Refine event pipeline at this time refines data in hourly partitions without knowing if the partition is complete
Closed, ResolvedPublic
Actions

Assigned To

Authored By

	• Nuria
	May 12 2020, 7:37 PM

Description

Refine event pipeline refines raw data in hourly partitions without knowing if the partition is complete as there is no marker that tells the refine flows that import from kafka for that hour is has completed.

This becomes specially problematic in the case of data center switches for jobs that need to consume data for one topic from two different data-center prefixed partitions as data would be split across two hours.

The webrequest refine peipeline does not have this issue cause it uses the CamusPartitionChecker[1] to asses whether the hour is completely imported from kafka and ready to be refined. We should augment the event refine workflow to take advantage of this. Now, we have very many topics with few events and for those a check like this one would fail as some hours might be totally empty so using the partition checker widely implies that we have done the work to have canary events in all topics. T250844: MEP: canary events so we know events are flowing through pipeline

[1] https://github.com/wikimedia/analytics-refinery-source/blob/master/refinery-camus/src/main/scala/org/wikimedia/analytics/refinery/camus/CamusPartitionChecker.scala

Related Objects
Search...

Status	Assigned	Task
Resolved	Ottomata	T251609 Automate ingestion and refinement into Hive of event data from Kafka using stream configs and canary/heartbeat events
Resolved	Ottomata	T266798 [Event Platform] Enable canary events for all MediaWiki streams
Resolved	Ottomata	T252585 Refine event pipeline at this time refines data in hourly partitions without knowing if the partition is complete

Event Timeline

• Nuria created this task.May 12 2020, 7:37 PM

Restricted Application added a subscriber: Aklapper. · View Herald TranscriptMay 12 2020, 7:37 PM

ping @Milimetric , this ticket documents our recent discussion in batcave about issues brought up on the events recent job. (cc @JAllemandou and @Ottomata )

Ok, so I don't see any reason to block work on the wikidata item_page_link improvement until we have this working perfectly.
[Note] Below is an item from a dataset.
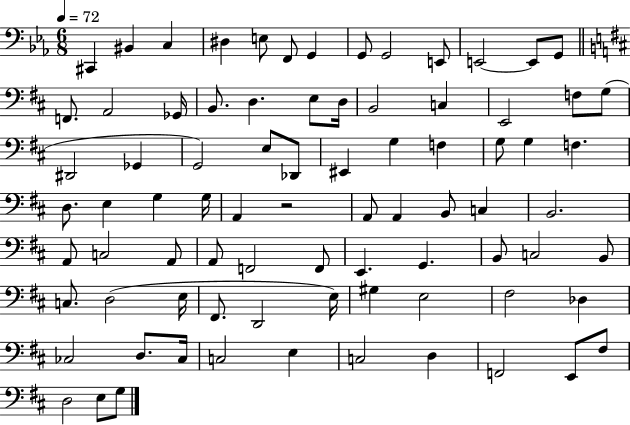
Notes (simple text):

C#2/q BIS2/q C3/q D#3/q E3/e F2/e G2/q G2/e G2/h E2/e E2/h E2/e G2/e F2/e. A2/h Gb2/s B2/e. D3/q. E3/e D3/s B2/h C3/q E2/h F3/e G3/e D#2/h Gb2/q G2/h E3/e Db2/e EIS2/q G3/q F3/q G3/e G3/q F3/q. D3/e. E3/q G3/q G3/s A2/q R/h A2/e A2/q B2/e C3/q B2/h. A2/e C3/h A2/e A2/e F2/h F2/e E2/q. G2/q. B2/e C3/h B2/e C3/e. D3/h E3/s F#2/e. D2/h E3/s G#3/q E3/h F#3/h Db3/q CES3/h D3/e. CES3/s C3/h E3/q C3/h D3/q F2/h E2/e F#3/e D3/h E3/e G3/e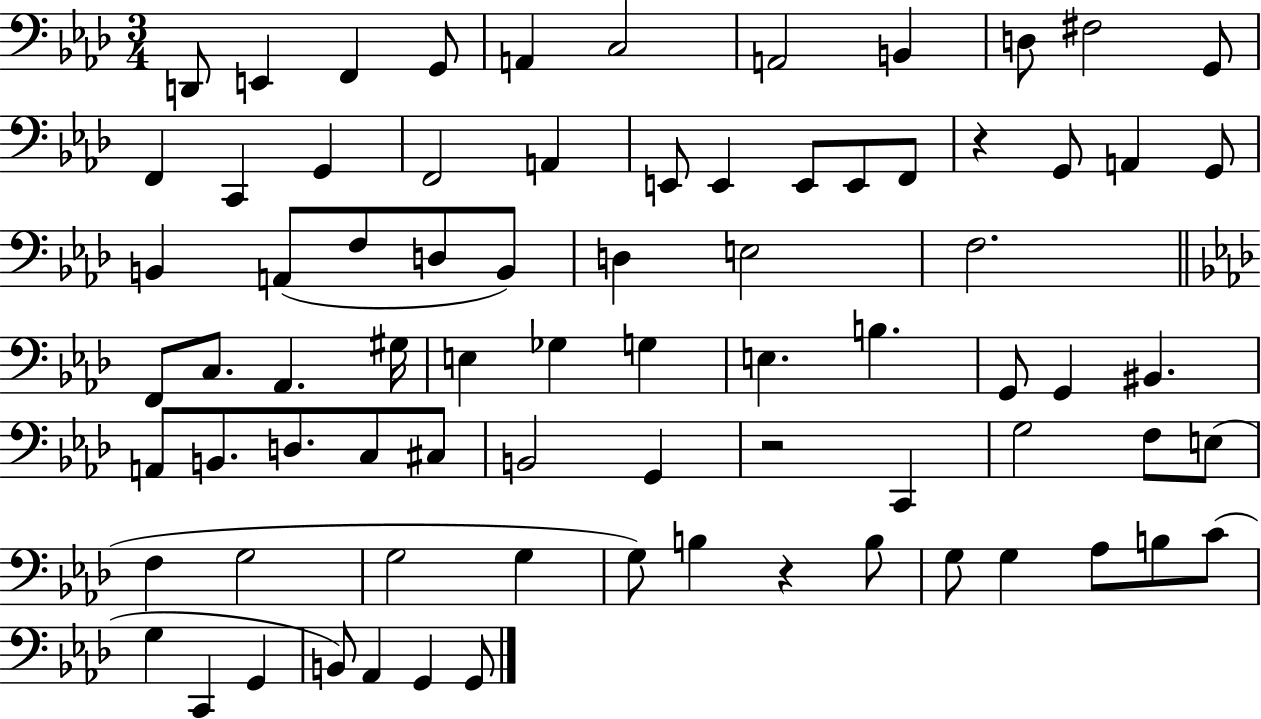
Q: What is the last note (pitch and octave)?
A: G2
For me, as long as this solution is coming down the pipeline, I'm ok with a workaround for now. So the question is, what workaround would work? If we hardcode the datacenter, we'd have to know for each hour which dataset to use, otherwise the dependent jobs could wait forever on the wrong empty folder.

Another solution is to run a delayed job for each event dataset that we need. This would check a folder that has datacenter=eqiad / datacenter=codfw for 4 hours ago. And writes a success flag in datacenter=all/year=.../month=.../day=.../hour=4-hours-ago.

What does everyone think?

Another solution is to run a delayed job for each event dataset that we need. This would check a folder that has datacenter=eqiad / datacenter=codfw for 4 hours ago. And writes a success flag in datacenter=all/year=.../month=.../day=.../hour=4-hours-ago.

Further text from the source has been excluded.